Is your business communicating the right message, to the right audience, in the right way that will assist in closing the sale? You may be asking yourself, “am I saying too much, too little, or even the right kind of language for my audience to understand?”

To best answer these questions, I am going to show a few examples that will hopefully assist in answering your questions or may spark new inquiries that will lead to a clearer and more effective corporate message for your company.

At first glance, there is nothing amiss about the following sign for a wholesaler of fresh and frozen poultry, meat, and seafood.

When I first saw this, I was enrolled; it was local to where I lived, and the thought of buying wholesale appealed to me. I read the rest of the sign, and suddenly I was no longer quite as enthused.

The fact this company also made dog food put the quality of the meat into question and became an instant turn off – although I was excited about photographing it for this article.

Joking aside, there is nothing wrong with the sign if it communicates effectively to their target audience. I simply know that I am not their target audience.

It is unrealistic to think that your corporate message will resonate with everyone – it won’t. Focus your time and efforts on having it communicate effectively with your target audience.

Once you have defined who your audience is, create a user profile of them. Answer the following questions: How do they sexually identify? What is their age? Nationality? Sexual orientation? Income bracket? Education? What do they do in their spare time? What do they like to wear? What vehicle do they drive? Are they married, have kids or pets? The best way to understand your target audience is to speak with them. Find out what type of language (verbal and pictorial) communicates effectively to them.

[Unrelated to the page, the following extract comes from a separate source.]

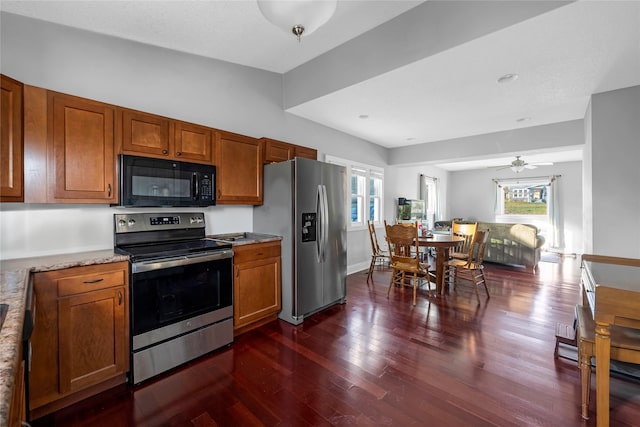 kitchen with appliances with stainless steel finishes, dark hardwood / wood-style flooring, and ceiling fan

Unless you are a very skilled communicator and writer, hire a professional to help you sculpt the right messaging. I believe the person who created the “Ass Fruit” sign at the top of this article could have used some professional assistance. I am quite confident that they are not selling Ass Fruit (even though it seems like a real bargain at only a dollar per bag) and that even the clientele of this Asian grocery store wouldn’t buy this product… although I could be wrong.

This following sign successfully communicates its message effectively. It is for an electricity company, and they are warning you not to enter the designated area.

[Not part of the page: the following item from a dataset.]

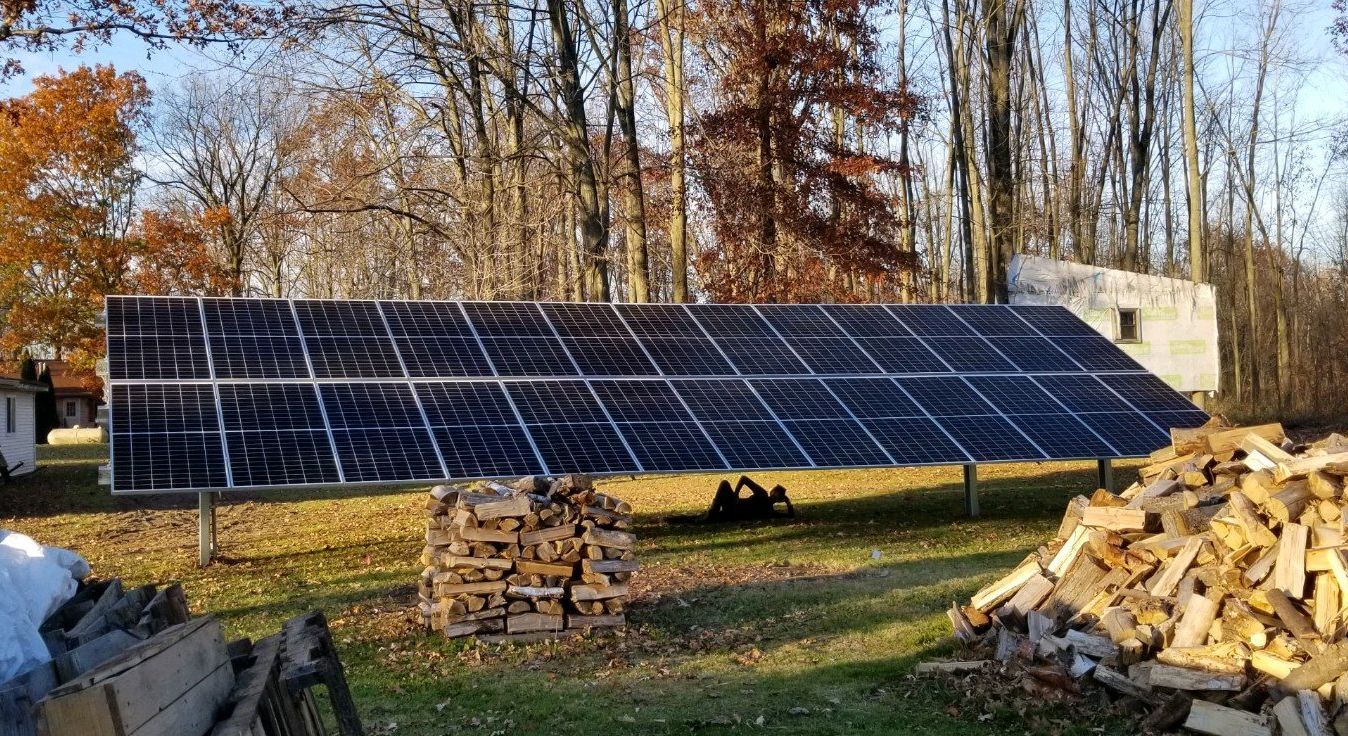 Solar Panels And Windmills On Grass Field — Davison, MI — North Coast Solar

It doesn’t get much clearer than that. But what if you don’t read English? The company accompanied the wording with an image that clearly communicates the message to all non-English readers and even accentuates the message to those who understood the written message.

In summary, they are saying – Don’t. It will hurt—a lot.

As we live in a fast-paced society, you only have a few seconds to impress someone. As your company name is often the first point of contact, you want it to impress right from the start.

It is similar to being in a bookshop and looking at all the book covers, wondering which one to purchase. Does the title grab you? Does the image entice you? Have you previously heard of the author? These are all hooks to have the “potential” buyer turn the book over to read more before committing to buy or to move onto the next book. This is why it is critical to have a company name that aligns with your corporate message. If you are going to open a restaurant, you wouldn’t want an off-putting name. Like this one:

Would you like your food to have a lingering flavor in your mouth (I wonder if they charge a premium for this)?

Your message has to be truthful and honest. If you are claiming that you have the best, fastest, cheapest widget in the world, you better deliver; if you don’t, people are unlikely to be a repeat customer. Additionally, they are likely to communicate their disappointment with friends, family, and colleges, spreading a negative brand association with your company; this alone can cripple a business.

The following company is promising in its name that it sells the “best” pizza. Firstly, would you eat there? And secondly, do you think it would be the best pizza of your life?

Creating the right corporate message requires immense amounts of work. You also have to consider that once you have perfected it, the market may shift, and you may have to adapt the message and the entire communication platform. You might ask, “Where do I start?”

My suggestion is to consider the following questions:

  • Who are you, and what is your story?
  • What are you selling?
  • Who is your customer?
  • Why should they care?
  • Who is your competition?
  • How do they communicate about their product or services?
  • What differentiates you from your competition?

From your research and answers, begin to think about your corporate messaging. Hire a professional branding and communication company to help you get it right. There will be an expense for this, but if it can prevent your ass fruit from having a lingering flavour, then it may be the best investment your business will ever make.